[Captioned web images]
>>>

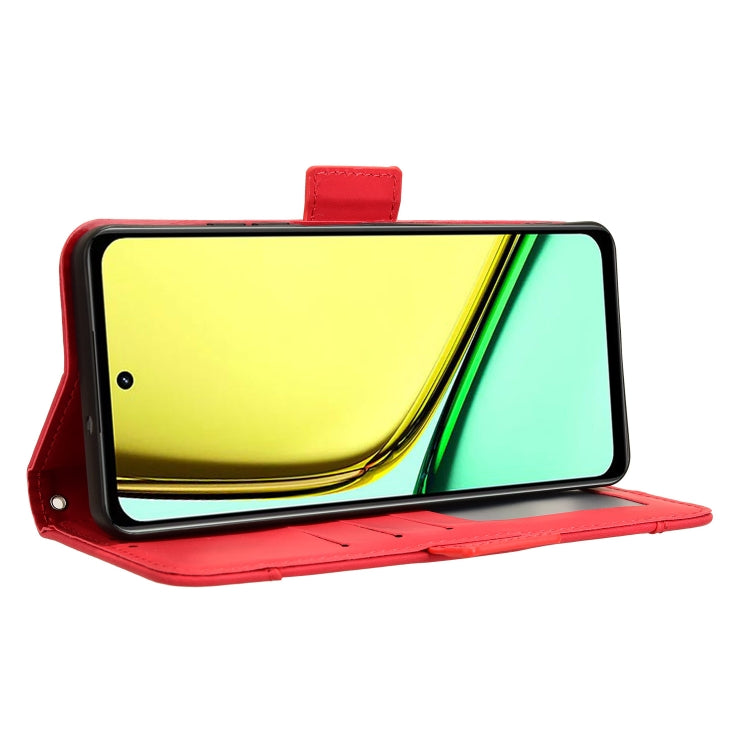For Realme 12 Lite 4G Skin Feel Calf Texture Card Slots Leather Phone Case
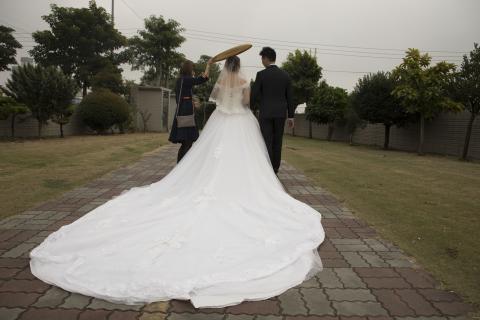 摘星風箏空拍 - 迎娶婚禮拍攝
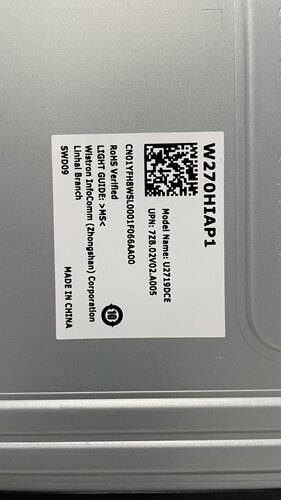 W238HFAP W238HIAP1 W270HIAP1 W270HBAP3  W270FBQ01 D2720DS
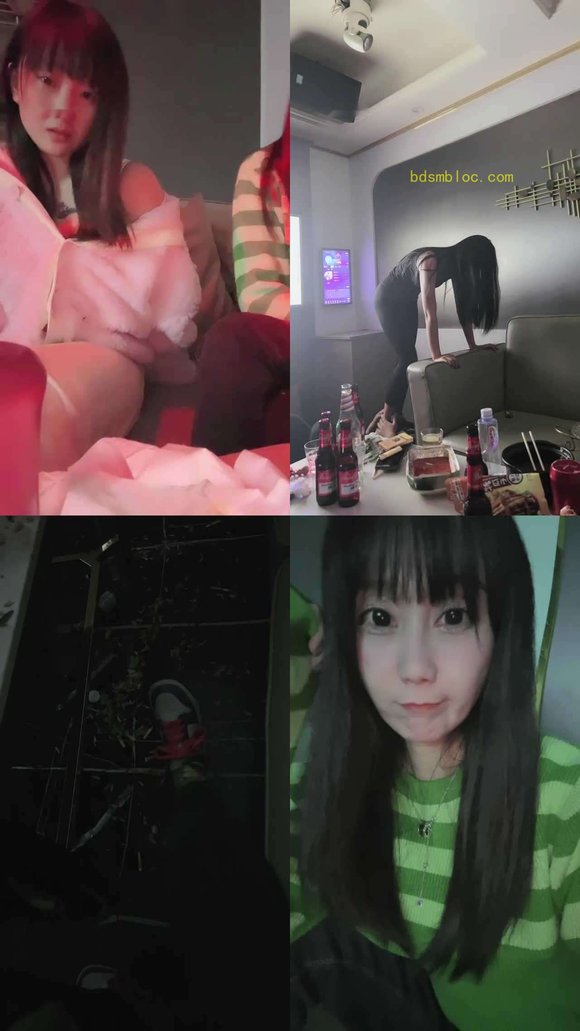 【女仆店S】圈内聚会玩SM游戏【完整版】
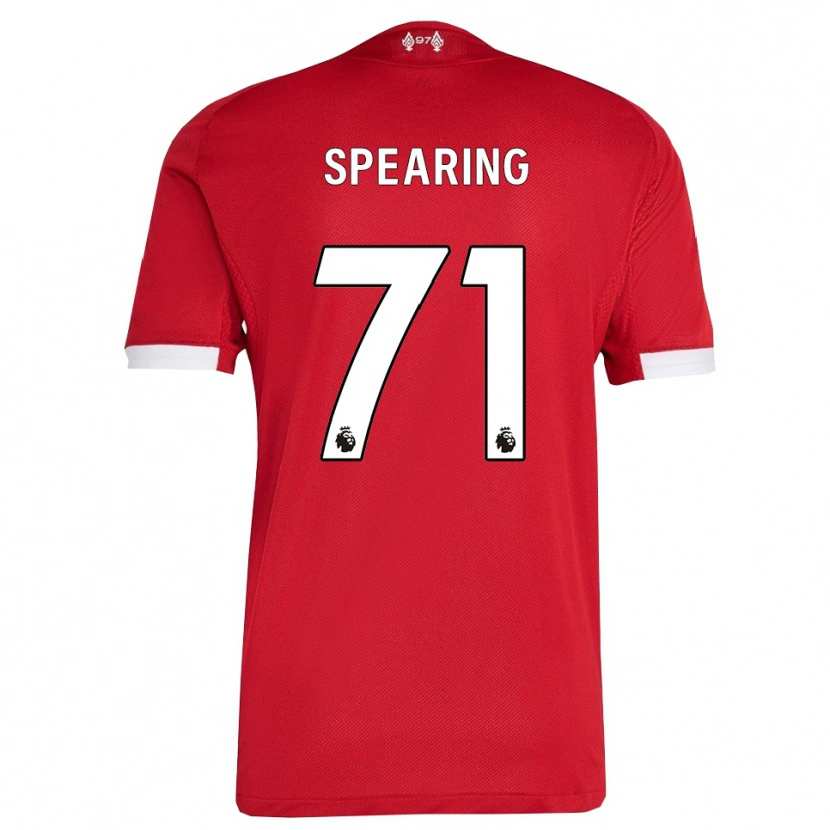 Danxen Heren Jay Spearing #71 Rood Wit Thuisshirt Thuistenue 2025/26 T-Shirt
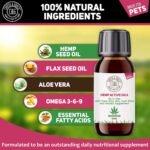C&G PETS | PET HEMP JOINT OIL SUPPLEMENT 100ML | 100% NATURAL INGREDIENTS COLD PRESSED HEMP SEED OIL & TURMERIC BLEND | GREAT FOR ITCHY DOG SKIN CAT ANXIETY AND STRESS | SUPPORT OUTSTANDING COAT SHINE - Image 10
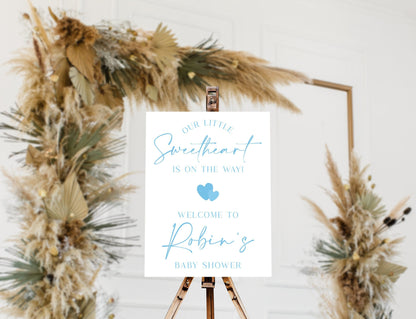 Our Little Sweetheart Is On The Way Sign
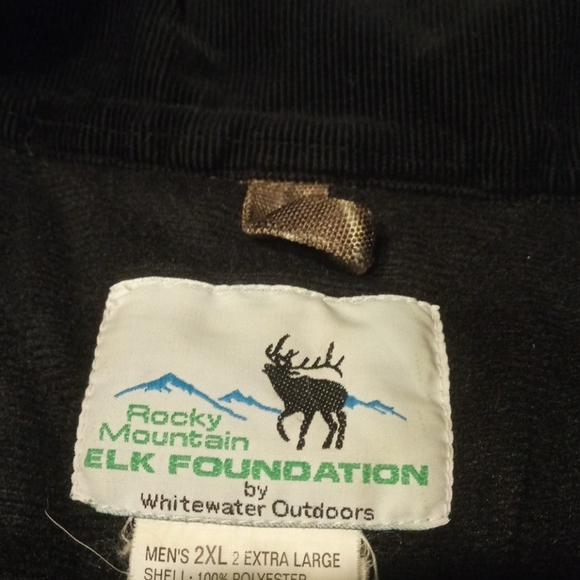 Rocky Mtn Elk Camo Fleece Lined Jacket Size 2 XL - Picture 2 of 6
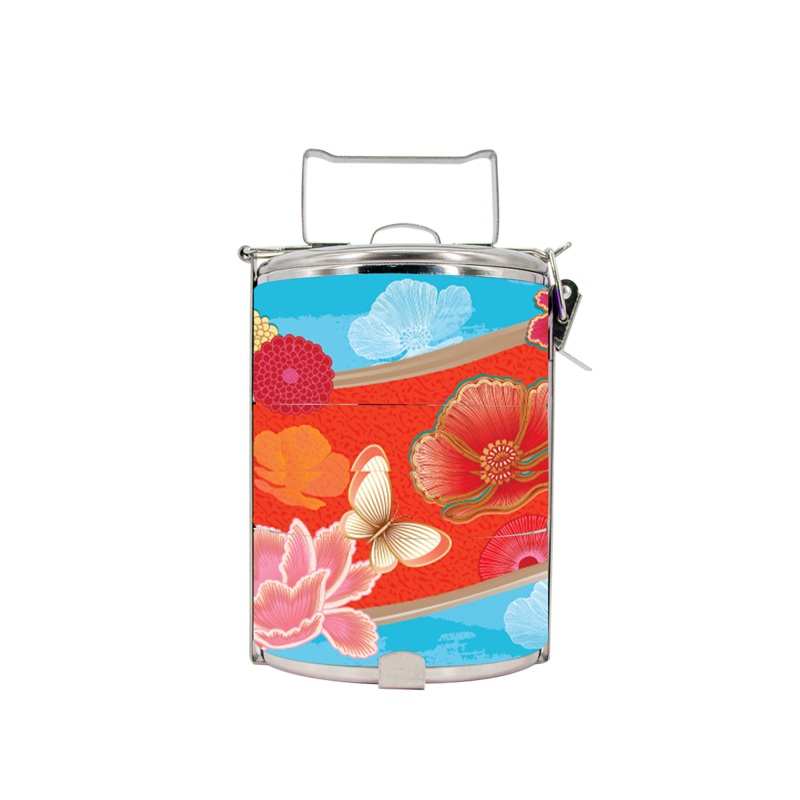 BDARI Tiffin Carrier – Crimson Garden (Nationwide Delivery)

<<<

◆ REQUIRED ACTION ◆
Restate every record exactly, please; do not copy the pictures.

◆ WRITTEN RESPONSE ◆
For Realme 12 Lite 4G Skin Feel Calf Texture Card Slots Leather Phone Case
 摘星風箏空拍 - 迎娶婚禮拍攝
 W238HFAP W238HIAP1 W270HIAP1 W270HBAP3  W270FBQ01 D2720DS
 【女仆店S】圈内聚会玩SM游戏【完整版】
 Danxen Heren Jay Spearing #71 Rood Wit Thuisshirt Thuistenue 2025/26 T-Shirt
C&G PETS | PET HEMP JOINT OIL SUPPLEMENT 100ML | 100% NATURAL INGREDIENTS COLD PRESSED HEMP SEED OIL & TURMERIC BLEND | GREAT FOR ITCHY DOG SKIN CAT ANXIETY AND STRESS | SUPPORT OUTSTANDING COAT SHINE - Image 10
 Our Little Sweetheart Is On The Way Sign
 Rocky Mtn Elk Camo Fleece Lined Jacket Size 2 XL - Picture 2 of 6
 BDARI Tiffin Carrier – Crimson Garden (Nationwide Delivery)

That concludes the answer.